I believe this book had no contradiction towards the Fashion Fundamentals class. We go over almost every class of what could possibly cause certain fashion trends and what fashion trends could potentially cause. The answers are endless, but what of them definitely is art. This has been an idea I had for a while; so, yes, this has affected me on a personal level. Ultimately, I want to follow the philosophy of Aristotle and St. Thomas Aquinas and use my talents to pursue virtue. I believe one can be truly talented in what they do if they use their talents to help others. So, as I excel at LIM College and improve my talents in the arts, fashion, and business, I also want to give back to the community.
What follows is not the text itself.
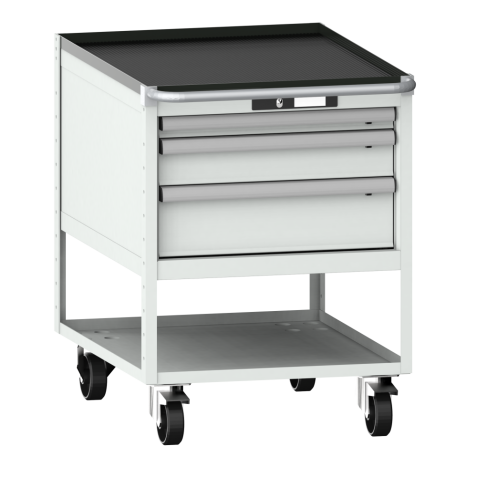 LISTA - Chariot de préparation 27x36E (LxPxH) 564x725x760mm KEY Lock Gris clair RAL 7035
This book has definitely shaped me on a personal level because it shows infinite ways of impacting not only the art and fashion communities, but also the world. Painters, designers, and leaders have used the ways of art and fashion as marketing to the public, and they have been able to do wonders because of it. Imagine what I can do with such impact spread the word of virtue.

I've conspired with my previous art history and philosophy teachers about these key points Mackrell (2005) offers in her book, and they're excited to see me use it as a tool to give back to the community. With that in mind, I want to talk to people at LIM College about the strong connection we fashion students and faculty have with the art community and vice versa; thus, Mackrell’s Art and Fashion would make a magnificent book recommendation.

--MASR

References

Hyde, M. (2000). The "Makeup" of the Marquise: Boucher's Portrait of Pompadour at Her

Toilette. In The Art Bulletin (Vol. 82, pp. 453-475). College Art Association.

Mackrell, A. (2005). Rococo and Neoclassicism. In Art and fashion. London: Batsford.